Users log in to the system

A system that records user login information. We simplify the business and leave only one table.

Design of Relational Database

Mysql > select*fromlogin

+-+

| | user_id | name | login_times | last_login_time | |

+-+

| | 1 | kenthompson | 5 | 2011-01-0100 purpur00 |

| | 2 | dennisritchie | 1 | 2011-02-0100 purpur00 |

| | 3 | JoeArmstrong | 2 | 2011-03-0100 purpur00 |

+-+

The primary key of the user_ id table, name represents the user name, and login_times indicates the number of logins of the user. Each time the user logs in, the login_times will increment itself, and the last_login_time will be updated to the current time.

The design of REDIS

To convert relational data into KV database, my method is as follows:

Key table name: primary key value: column name

Value column value

It is an unwritten rule to use colons as separators. For example, in the php-adminforredis system, the default is separated by a colon, so key such as user:1user:2 will be divided into a group. Therefore, the above relational data is converted into kv data and recorded as follows:

Setlogin:1:login_times5

Setlogin:2:login_times1

Setlogin:3:login_times2

Setlogin:1:last_login_time2011-1-1

Setlogin:2:last_login_time2011-2-1

Setlogin:3:last_login_time2011-3-1

Setlogin:1:name "kenthompson"

Setlogin:2:name "dennisritchie"

Setlogin:3:name "JoeArmstrong"

In this way, when the primary key is known, the user's login times and last login time and name can be obtained or modified through get and set.

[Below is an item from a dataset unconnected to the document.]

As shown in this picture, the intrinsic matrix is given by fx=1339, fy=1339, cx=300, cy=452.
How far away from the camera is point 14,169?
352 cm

The average user cannot know his id, only his user name, so there must be a mapping from name to id. The design here is different from the one above.

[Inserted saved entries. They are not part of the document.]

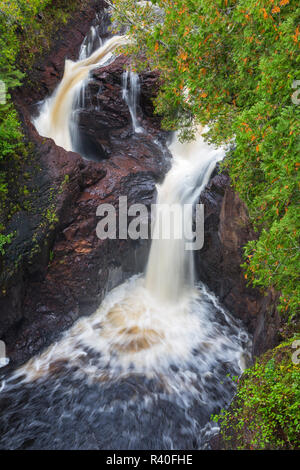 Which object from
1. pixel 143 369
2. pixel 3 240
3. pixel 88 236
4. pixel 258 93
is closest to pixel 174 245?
pixel 88 236

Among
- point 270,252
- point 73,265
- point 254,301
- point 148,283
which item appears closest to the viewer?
point 270,252

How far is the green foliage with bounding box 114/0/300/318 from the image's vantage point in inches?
109

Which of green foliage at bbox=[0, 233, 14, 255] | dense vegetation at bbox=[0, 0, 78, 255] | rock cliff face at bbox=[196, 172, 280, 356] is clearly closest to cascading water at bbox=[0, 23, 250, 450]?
rock cliff face at bbox=[196, 172, 280, 356]

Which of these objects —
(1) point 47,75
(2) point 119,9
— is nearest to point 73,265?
(2) point 119,9

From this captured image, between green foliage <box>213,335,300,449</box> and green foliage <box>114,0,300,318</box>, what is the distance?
2.86ft

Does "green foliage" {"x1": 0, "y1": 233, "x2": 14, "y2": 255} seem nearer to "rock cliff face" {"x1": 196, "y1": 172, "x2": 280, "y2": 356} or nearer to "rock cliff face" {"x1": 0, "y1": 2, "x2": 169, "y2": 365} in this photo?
"rock cliff face" {"x1": 0, "y1": 2, "x2": 169, "y2": 365}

Set "login:kenthompson:id" 1

Set "login:dennisritchie:id" 2

Set "login:JoeArmstrong:id" 3

So each time the user logs in, the business logic is as follows (python version), r is the redis object, and name is the user name that has been known.

# get the user's id

Uid=r.get ("login:%s:id" name)

# self-increasing the number of logins of users

Ret=r.incr ("login:%s:login_times" uid)

# update the user's last login time

Ret=r.set ("login:%s:last_login_time"% uid,datetime.datetime.now ())

If the requirement is only a known id, there is no difference between updating or getting a user's last login time, number of logins, and relational and kv databases. One through btreepk, the other through hash, the effect is very good.

Suppose you have the following requirements to find the N users who logged in recently. Developers take a look, it is relatively simple, a sql to do.

Select*fromloginorderbylast_login_timedesclimitN

After DBA understands the requirements, considering that the table is larger in the future, it builds an index on last_login_time. The execution plan accesses N records from the far right of the index leafblock and returns to the table N times, with good results.

What are the design of common Redis database key values

After two days, there is another need to know who logs in the most times. How to deal with the same relationship? DEV said simply

Select*fromloginorderbylogin_timesdesclimitN

As soon as DBA takes a look, he wants to build an index on login_time. Do you think there is a problem? there is a prime citation on every field on the table.

The inflexibility of data storage in relational databases is the source of the problem, and there is only one way to store data, that is, stacking tables arranged by rows. A uniform data structure means that you have to use indexes to change the access path of sql to quickly access a column, and the increase in access paths means that you have to use statistics to assist, so a lot of problems arise.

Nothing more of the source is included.